Updated by Luca Frosini about 7 years ago
Before restarting the instance, I also deleted some structure so the token the application has already obtained are not valid anymore and orient reset the connection.
Can we stop Nagios check and restart it tomorrow? I'll restart social-indecer too.
Updated by Andrea Dell'Amico about 7 years ago
I stopped the nagios check. The nagios check did not use any token btw, that URL should be public.
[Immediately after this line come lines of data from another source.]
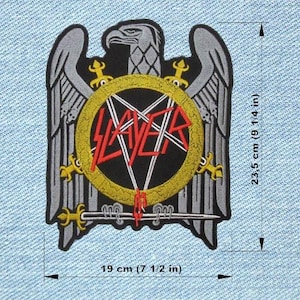 Puede incluir: Parche bordado con un águila estilizada con las alas extendidas, un pentagrama central y la palabra "SLAYER" en rojo. El parche mide aproximadamente 19 cm de ancho y 23,5 cm de alto.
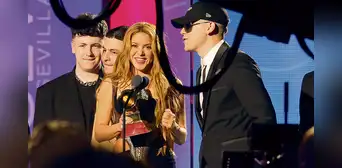 Shakira brilla en los Grammy en España Shakira brilla en los Grammy en España
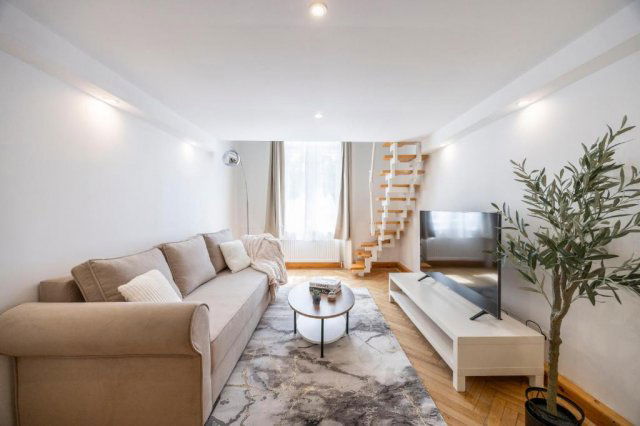 Eladó téglalakás, Budapesten, VI. kerületben, Podmaniczky utcában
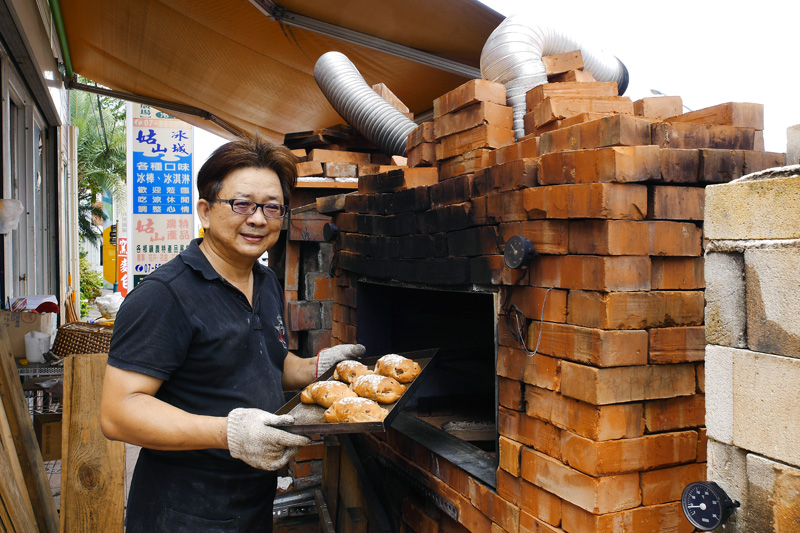 鳳荔窯烤麵包披薩工坊結合大樹產業特色烤出好吃麵包。（圖∕張簡英豪 攝）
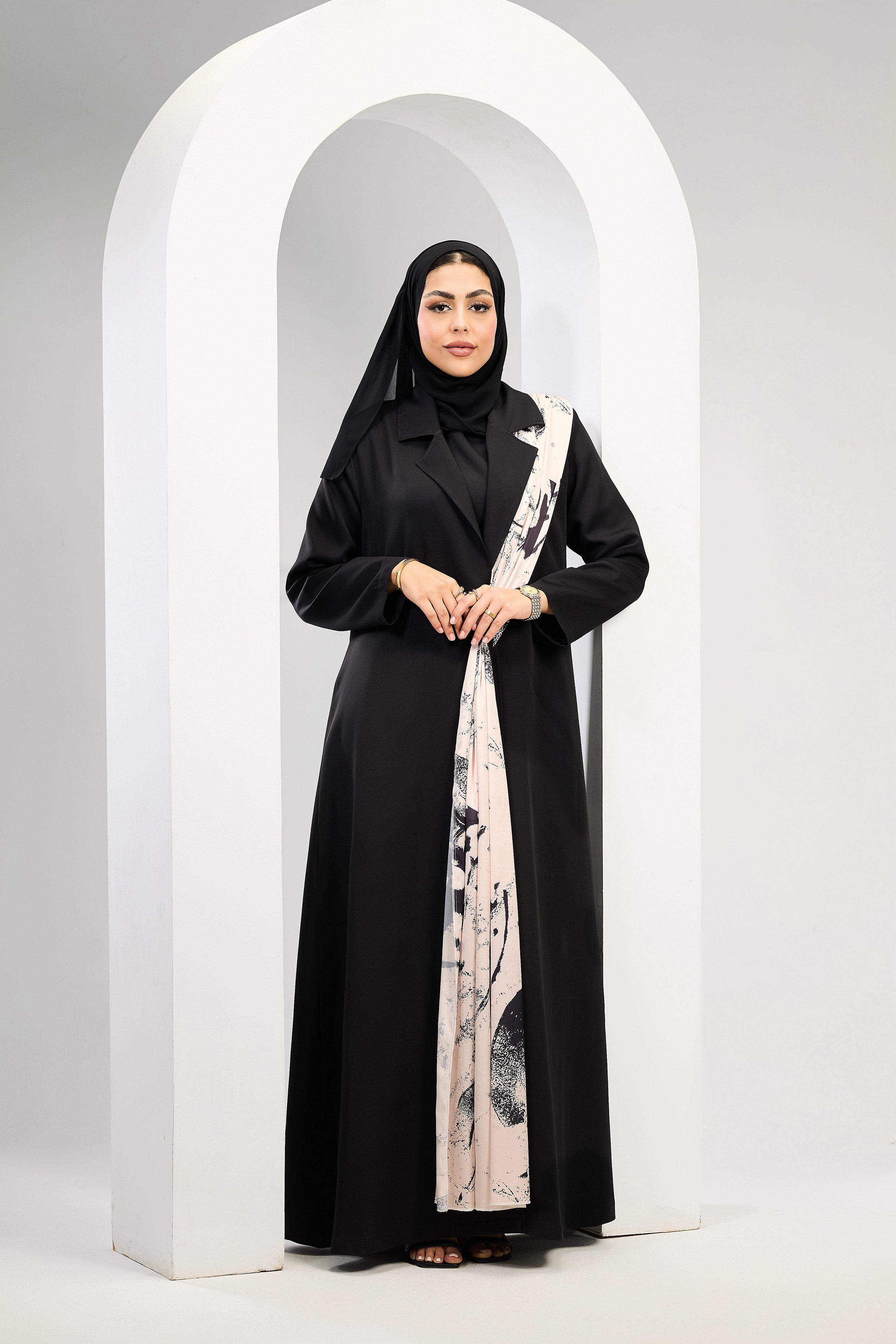 Artful Grace Abaya in Black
Updated by Luca Frosini about 7 years ago
@andrea.dellamico@isti.cnr.it or @roberto.cirillo@isti.cnr.it can you provide me access to social-indexer.d4science.org
Updated by Roberto Cirillo about 7 years ago
Luca Frosini wrote:
@andrea.dellamico@isti.cnr.it or @roberto.cirillo@isti.cnr.it can you provide me access to social-indexer.d4science.org
Done. You can access as gcube
Updated by Luca Frosini about 7 years ago
social-indexer.d4science.org restarted. @andrea.dellamico@isti.cnr.it can you restart nagios? Thanks a lot
Updated by Andrea Dell'Amico about 7 years ago
- Status changed from New to Closed
- % Done changed from 0 to 100
Done.
Can you share what the problem was?
Updated by Luca Frosini about 7 years ago
@andrea.dellamico@isti.cnr.it I suspect a bug in Resource Registry. I already investigated the port type to interact with instances and I excluded it. I could be instead schema port type (so also the API used from nagios and haproxy to monitor the instance) but I still have to investigate it. I'll share the problem as soon as I will find it.
Updated by Luca Frosini about 7 years ago
I found a potential bug in the resource registry but it should occur in the actual situation. Anyway, I added an additional line of code to solve it. Please note that in dev instance cannot be tested because there to few contexts to make it happens.